The court goes on to say that in 1920 Joe deserted Louisa, who, believing him dead, married one Brown, residing with the latter in her home in Louisiana until 1925, when, upon learning that Joe was not dead but was residing in Beaumont, Texas, she immediately left Brown and went to Texas to live with Joe, and ‘lived with him continuously from that date as his wife until his death on the 19th of January, 1926. They resumed their relations with the intention of living together as husband and wife until their death. Joe Kelly introduced her to his Beaumont friends as his wife, and she acknowledged him openly as her husband. They lived and cohabited as husband and wife, and received their friends in their home as such, and their friends recognized them as husband and wife. The relations between Joe and appellant were such that, except for the fact that Louisa had a living husband, the law would have declared their status to be that of a common-law marriage. * * * The death of George Brown (in November, 1925) made no change in their relations. They made no new contract in relation thereto, but from October, 1925, when they reunited their lives in the city of Beaumont, Tex., there was no change in their relations until Joe's death in January, 1926.’

Upon these facts the court held that the law would infer that consent had been given by the parties to the marriage as soon as the impediment to it was removed, although they did not know that the impediment had been removed, i. e., by the death of Brown. The court goes on to say: ‘As they desired marriage, and intended their relations to be that of husband and wife, this continuing intent must be recognized during all the time they cohabited as such, and therefore the agreement upon which they renewed their relations made them husband and wife from the moment the bar to their lawful marriage was removed.’

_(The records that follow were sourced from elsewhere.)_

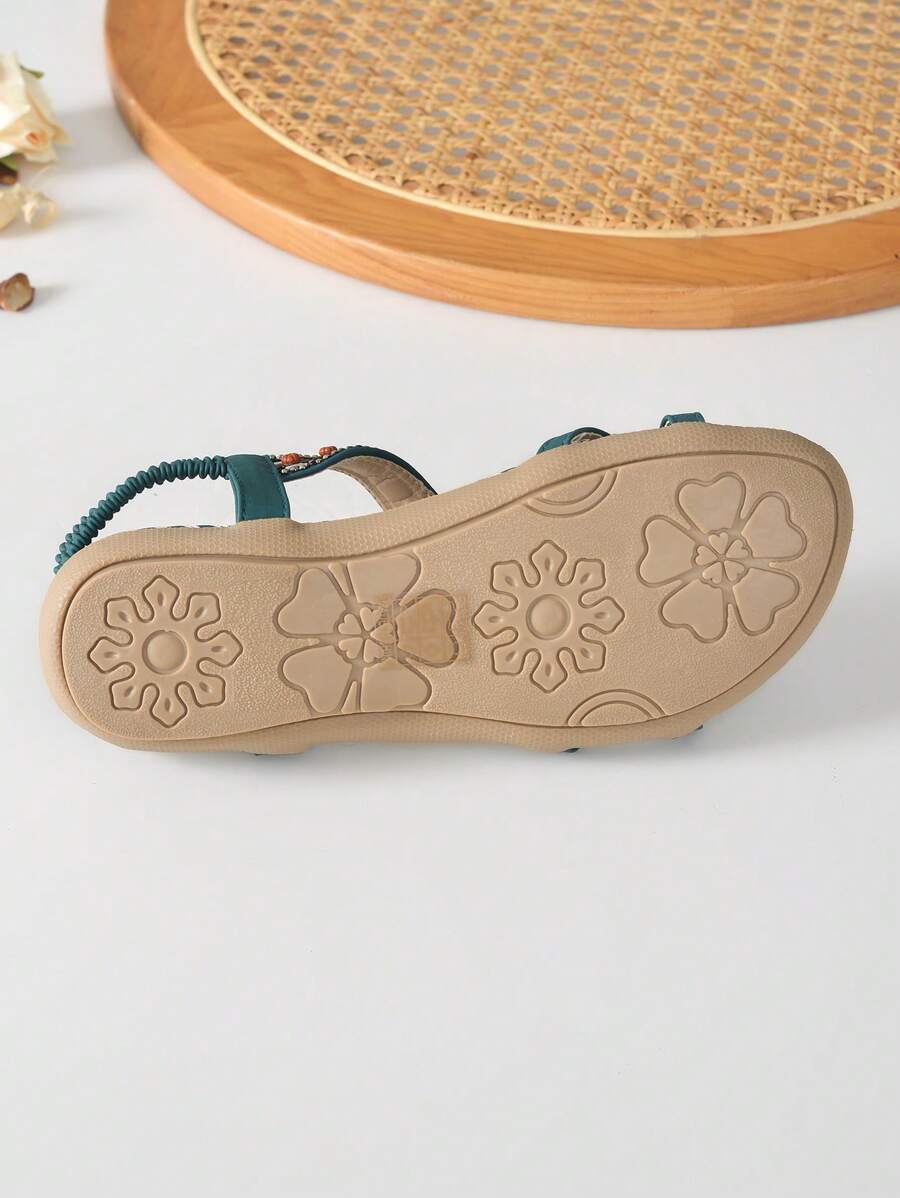Ženske modre sandale sa cirkonima, ravne, boho stil, udobne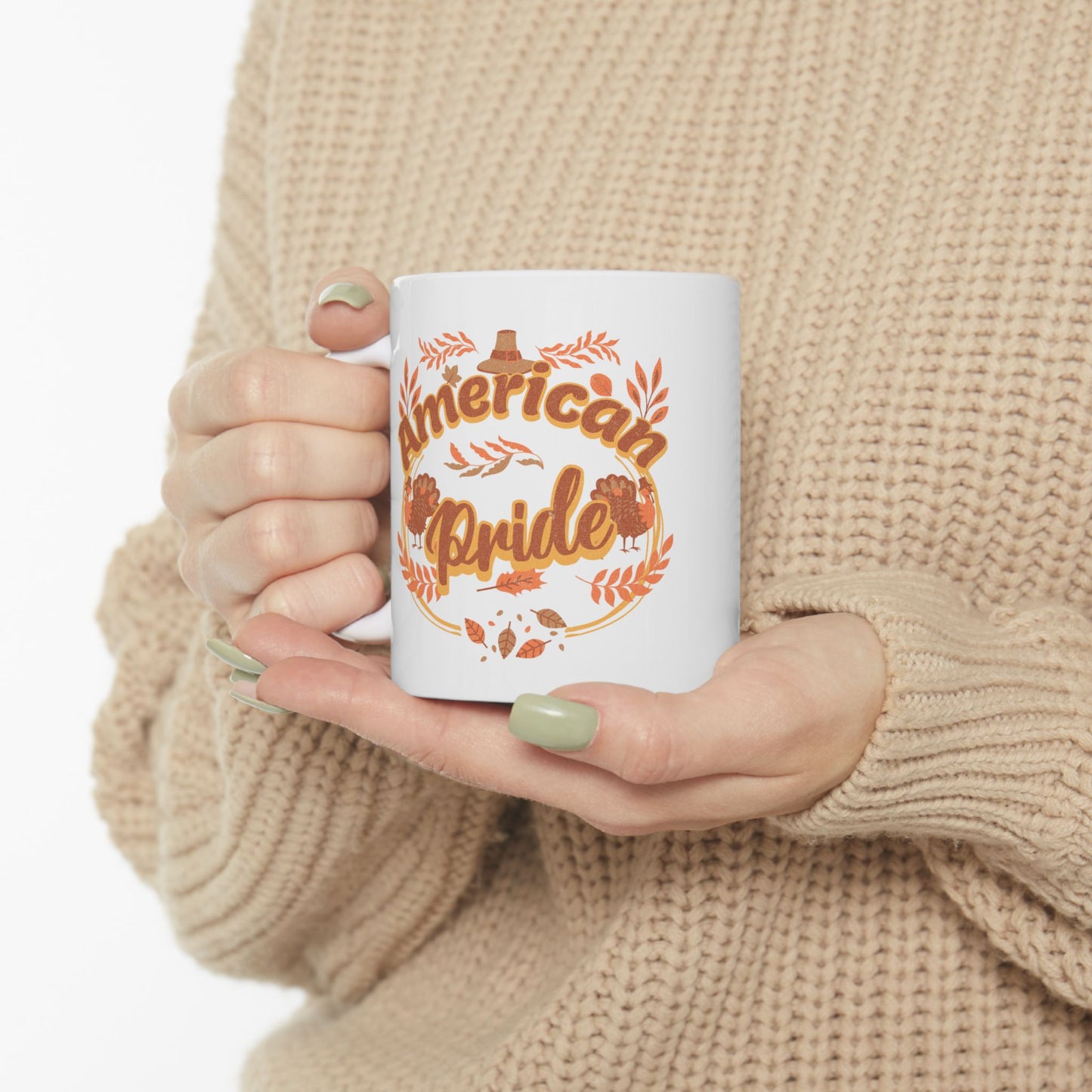 Thanksgiving Ceramic Mug, Holiday Coffee Cup, Autumn Themed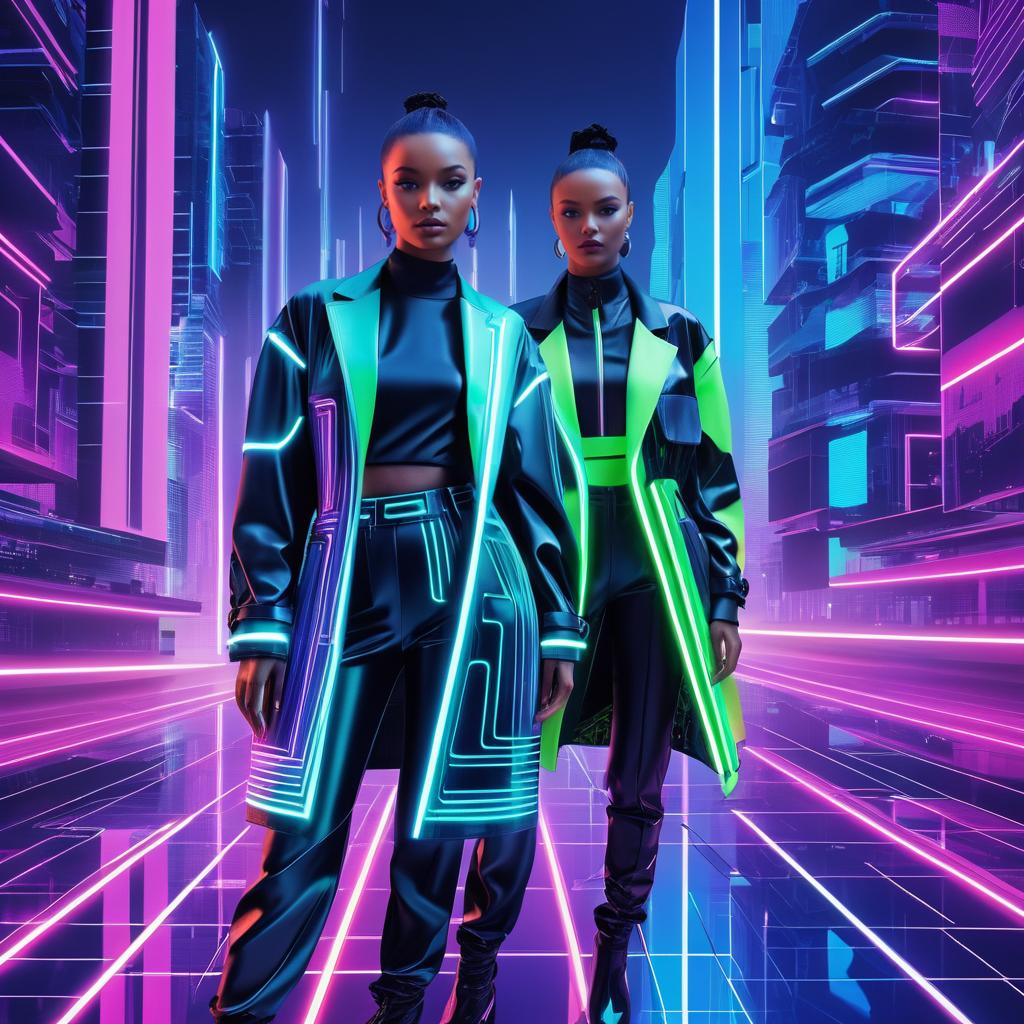 Futuristic Tech Fashion Moodboard Collage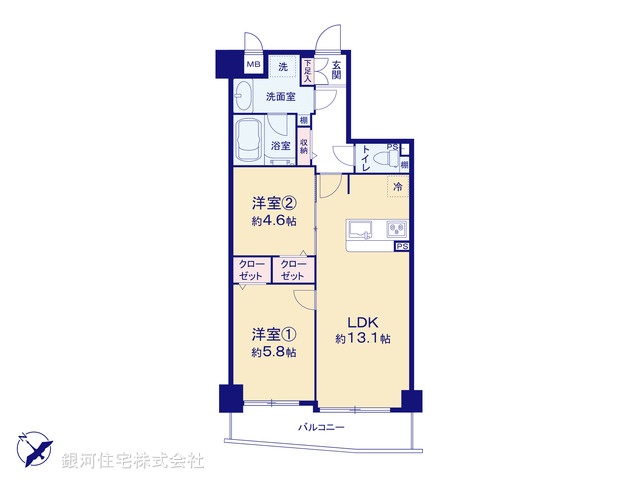 G00392028 東京都豊島区南長崎４丁目 中古マンション 7180万円【間取図】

From the quotations of the foregoing case it appears to be the view of the court that where the contract of marriage is invalid under the law in the state in which it is made, the status of the parties thereafter will be regarded as being meretricious and that that status will follow them during any stay in Texas, unless there is a new agreement of marriage made in Texas, followed by cohabitation and a public holding-out, or unless they become domiciled in Texas. If the parties become domiciled in Texas, then and in that event there is no necessity to prove a new agreement of marriage in Texas, but instead consent to a new marriage within that state will be inferred by reason of the original intent to marry if there be cohabitation in Texas and a public holding-out by the parties that they are husband and wife. In short, domicile is an aid but not a pre-requisite to sustain the claim of a common-law marriage in Texas where the original contract of marriage was invalid. We have no such case here.

In this case it is true, as appellant contends, that certain statements were made by Edwin in his lifetime which tended to put in question the validity of the marriage. These statements, however, we regard as being equivocal. At all events, it was for the trial court to weigh the evidence and determine the credibility of the witnesses.

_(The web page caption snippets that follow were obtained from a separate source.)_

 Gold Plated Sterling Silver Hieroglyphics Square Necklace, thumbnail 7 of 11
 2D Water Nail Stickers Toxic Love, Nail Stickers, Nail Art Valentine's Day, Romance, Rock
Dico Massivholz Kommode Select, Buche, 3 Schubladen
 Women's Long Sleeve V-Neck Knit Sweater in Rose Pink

The contention that the trial court erred in admitting Nancy's testimony as to transactions and conversations with Edwin is without merit. The law of California in that aspect was applicable and not that of Texas. In re Estate of McCausland, 52 Cal. 568.

As we are satisfied that the law of Texas is as we have stated it, we see no point in discussing or differentiating the numerous additional cases cited to us.

The orders are affirmed.

HANSON, Justice pro tem.

DORAN, Acting P. J., and DRAPEAU, J., concur.